■ Crawled caption data

──────

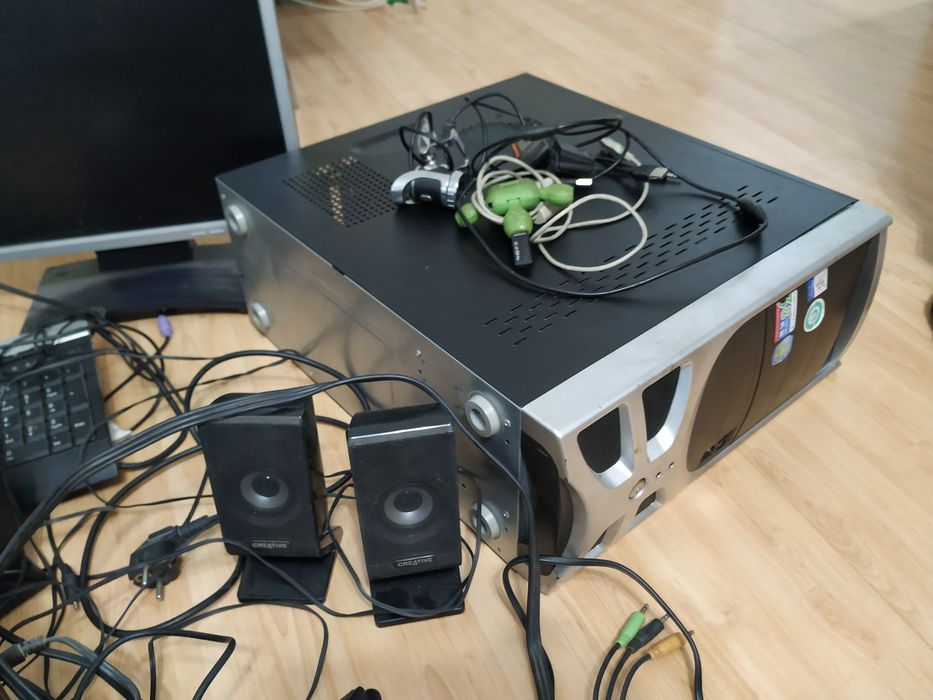 Продам компьютер на запчасти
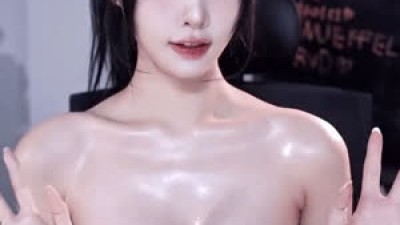 트위치 세기말 한갱 오일 바른 가슴 튜브탑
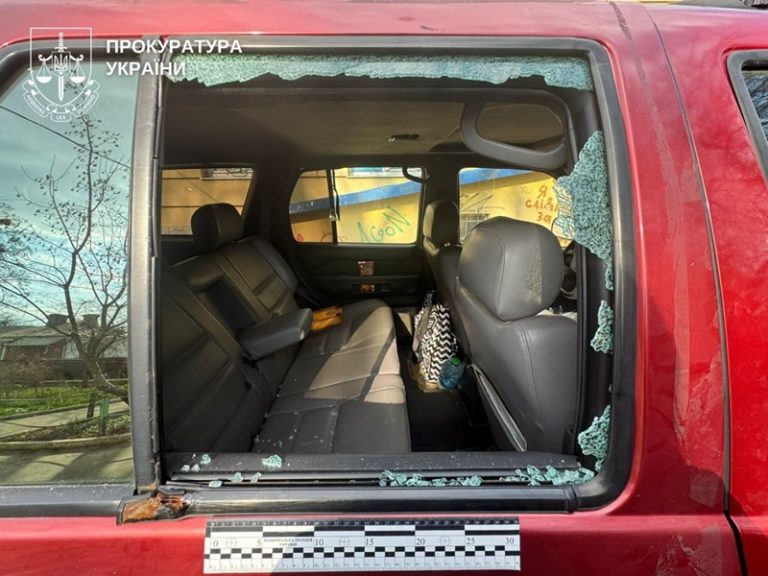 Нічні нальоти на авто та магазини: у Рівному судитимуть банду юних злодіїв
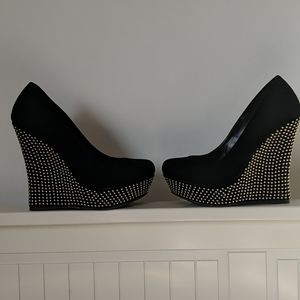 Black faux suede wedges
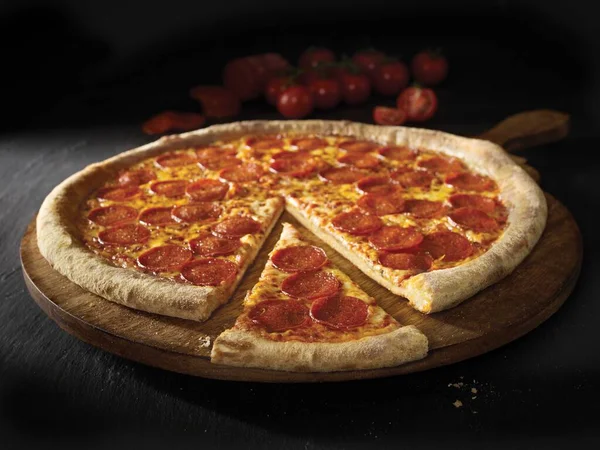 Pizza Pepperoni Mozzarella Oregano Een Zwarte Achtergrond — Stockfoto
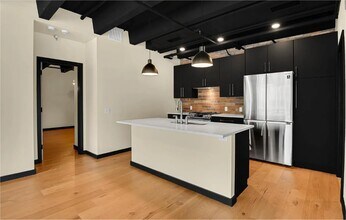 20 Boulder Cres St in Colorado Springs, CO - Building Photo - Building Photo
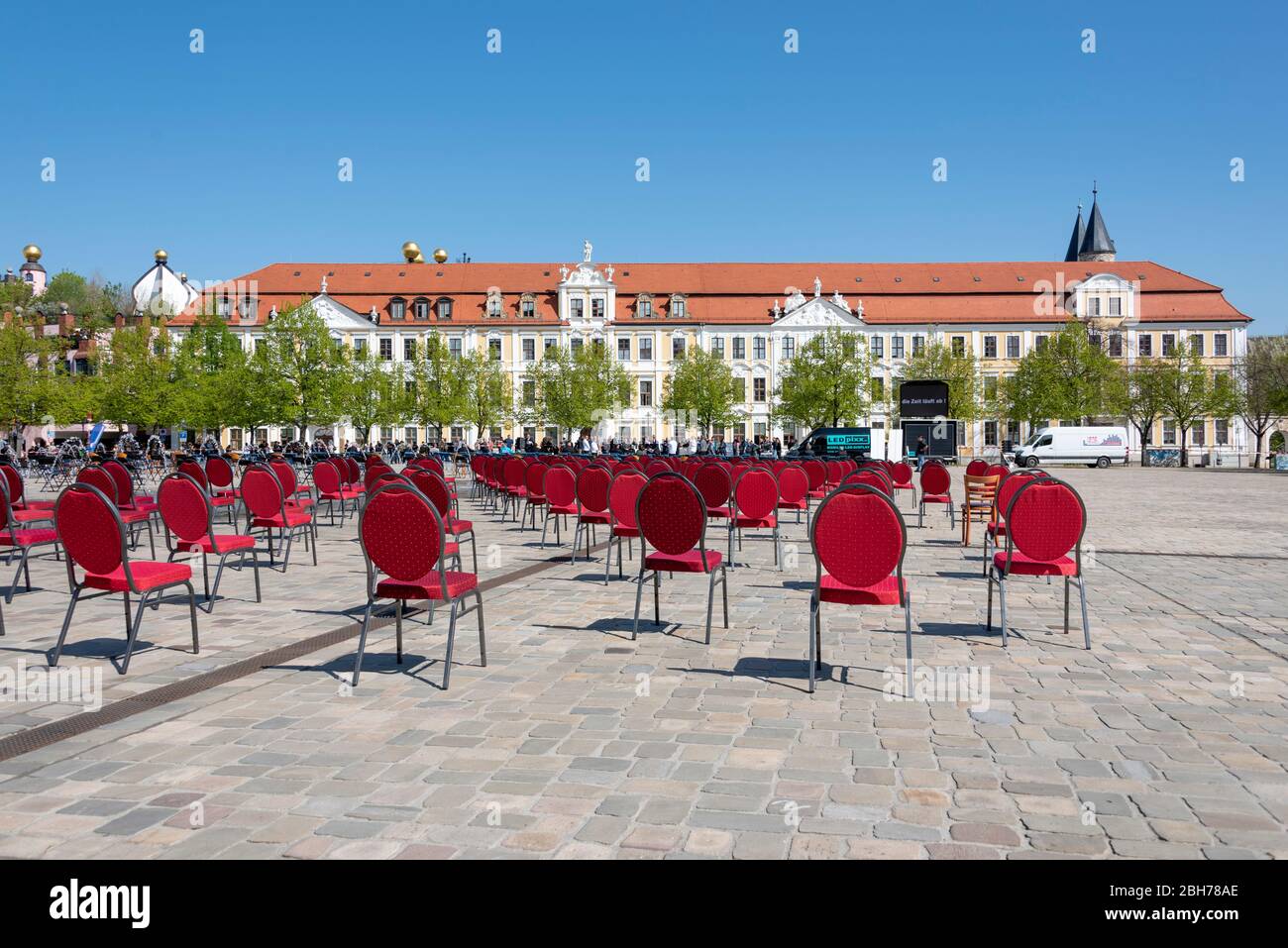 Germania, Magdeburg, 24 aprile 2020: A Magdeburg, i proprietari dei ristoranti hanno allestito 1000 sedie sulla piazza della cattedrale. Protestano contro lo spegnimento. La crisi di Corona minaccia la morte di pub e ristoranti in Germania. Credit: Matto Kaminer/Alamy Live News Foto Stock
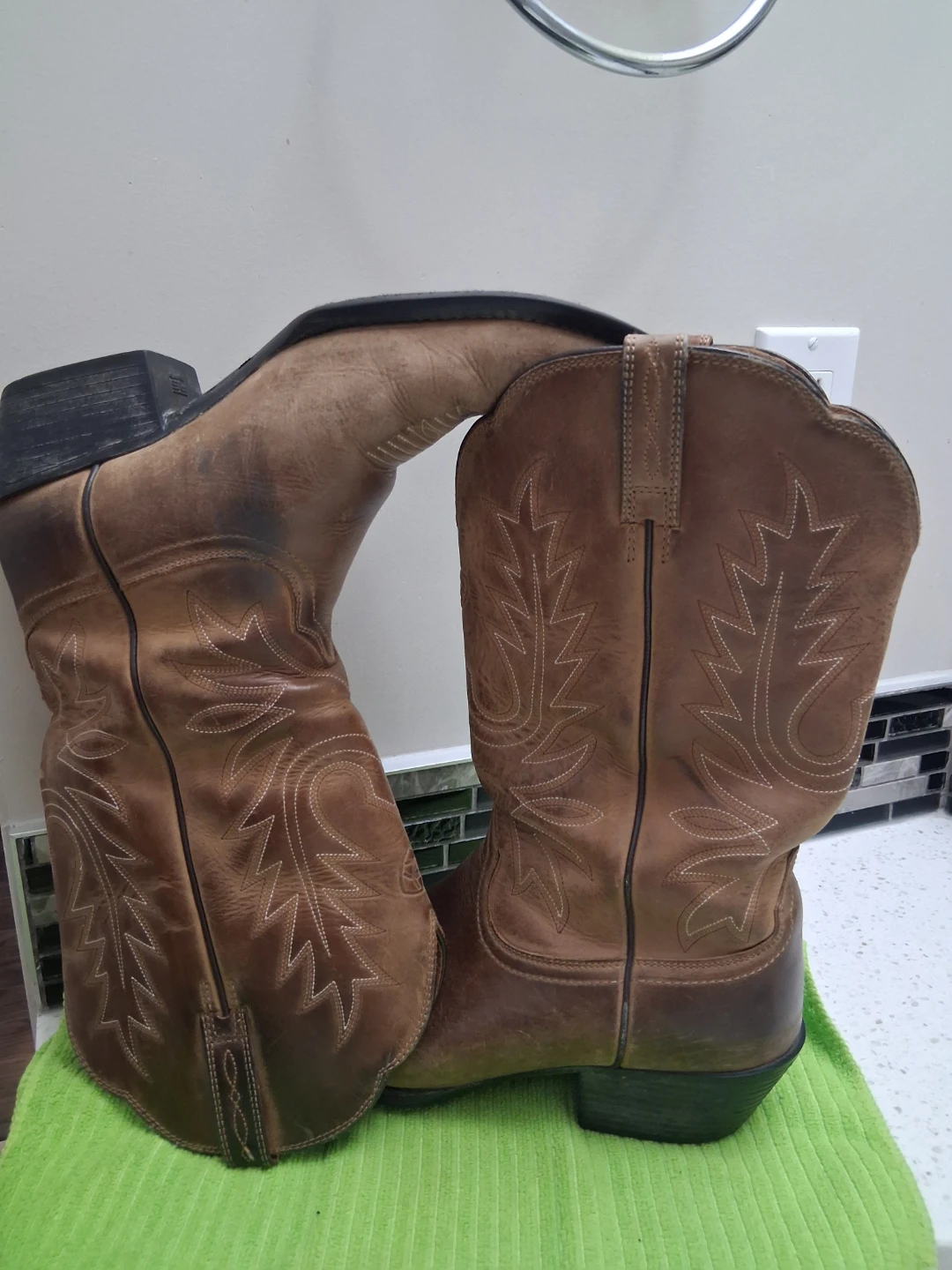 Ariat Cowboy Boots - US 9.5B Ladies - photo 5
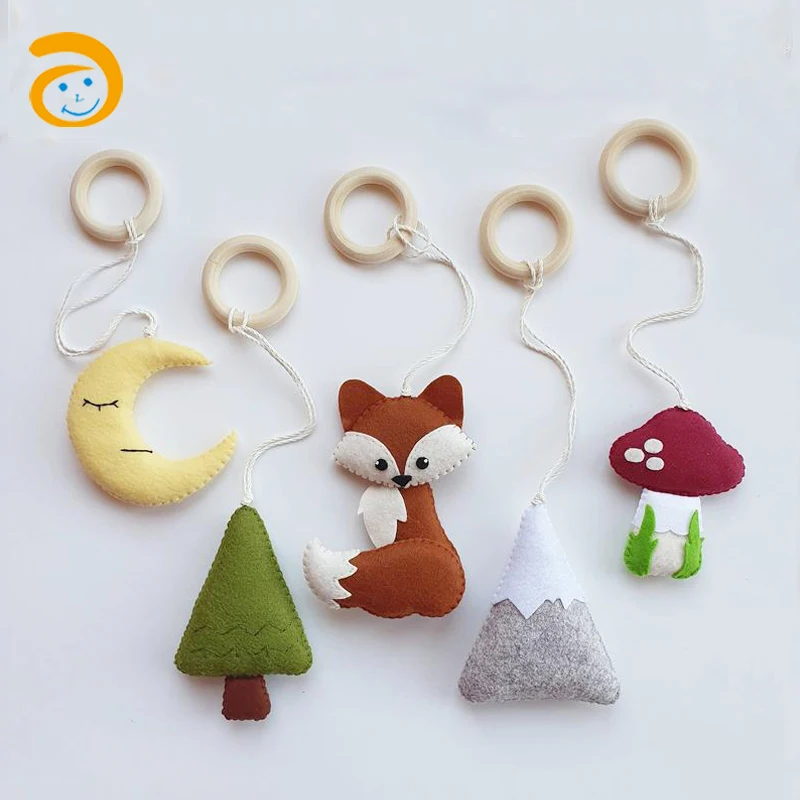 New Arrival Wholesale Felt Cute Wall Decoration Kids Present Felt Baby Boy Nursery Wall Decor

──────

■ TASK REQUIREMENTS
Emit the lines of the data above from the one containing "Germania, Magdeburg, 24" through its final line, both endpoints included. Pictures do not belong in the output.

■ SOLUTION FOR THIS PROBLEM
 Germania, Magdeburg, 24 aprile 2020: A Magdeburg, i proprietari dei ristoranti hanno allestito 1000 sedie sulla piazza della cattedrale. Protestano contro lo spegnimento. La crisi di Corona minaccia la morte di pub e ristoranti in Germania. Credit: Matto Kaminer/Alamy Live News Foto Stock
 Ariat Cowboy Boots - US 9.5B Ladies - photo 5
 New Arrival Wholesale Felt Cute Wall Decoration Kids Present Felt Baby Boy Nursery Wall Decor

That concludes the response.